** What to produce **
Would you copy exactly the lines in the data below from the one that has "Midi lurex dress" through the one that has "3118 9 1 2 St, Rock", dropping any pictures?

** Source data **
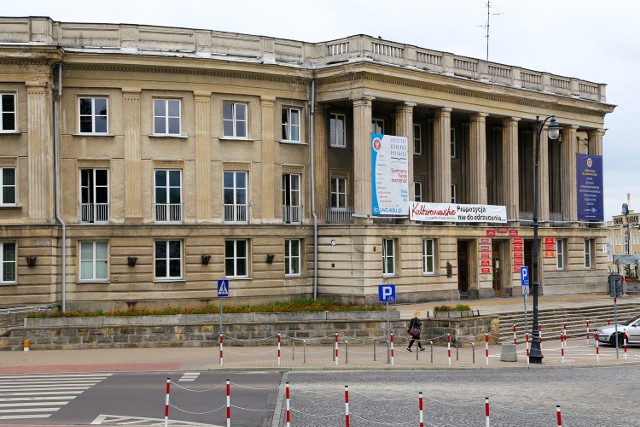 Dom Partii to jeden z najlepiej zachowanych budynków z czasów PRL. Mieści się tu wydział historyczno-socjologiczny Uniwersytetu w Białymstoku. Władze uczelni chcą go sprzedać. 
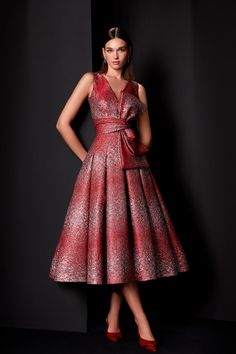 Midi lurex dress with bow detail – HerTrove 1960s Brocade Dress, Marchesa Couture, Lurex Dress, Brocade Skirt, Brocade Dress, Midi Dress Style, Brocade Dresses, Glamour Dress, Ankara Dress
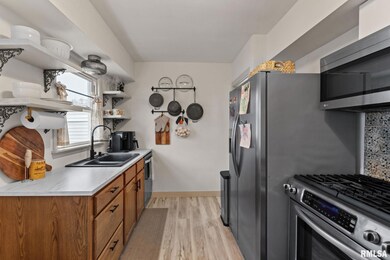 3118 9 1 2 St, Rock Island, IL 61201 - photo 7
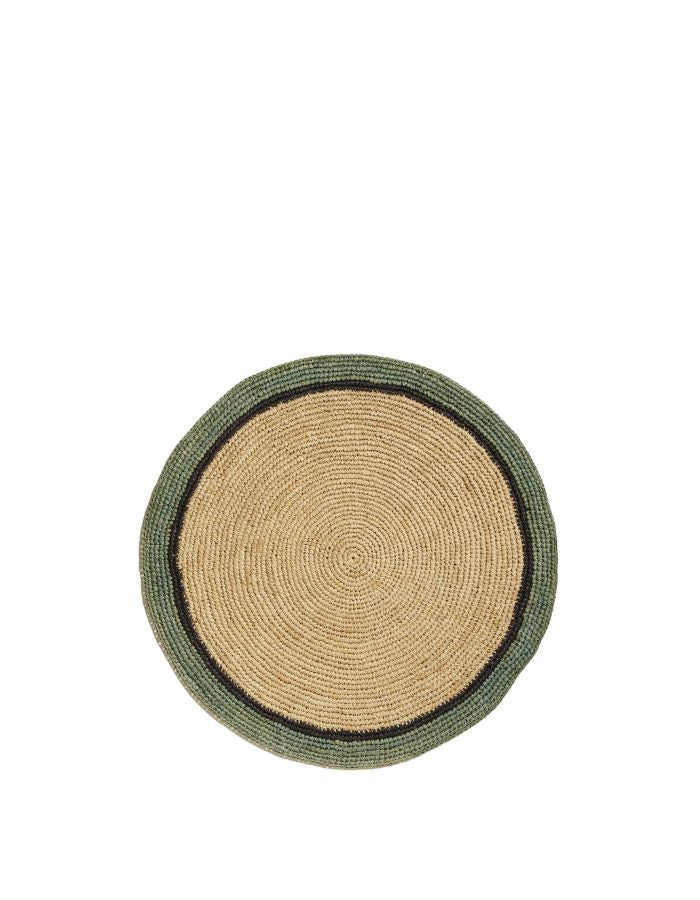 Set de table rond en raphia naturel et céladon, tressé à la main, avec bordure foncée.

** Task response **
 Midi lurex dress with bow detail – HerTrove 1960s Brocade Dress, Marchesa Couture, Lurex Dress, Brocade Skirt, Brocade Dress, Midi Dress Style, Brocade Dresses, Glamour Dress, Ankara Dress
 3118 9 1 2 St, Rock Island, IL 61201 - photo 7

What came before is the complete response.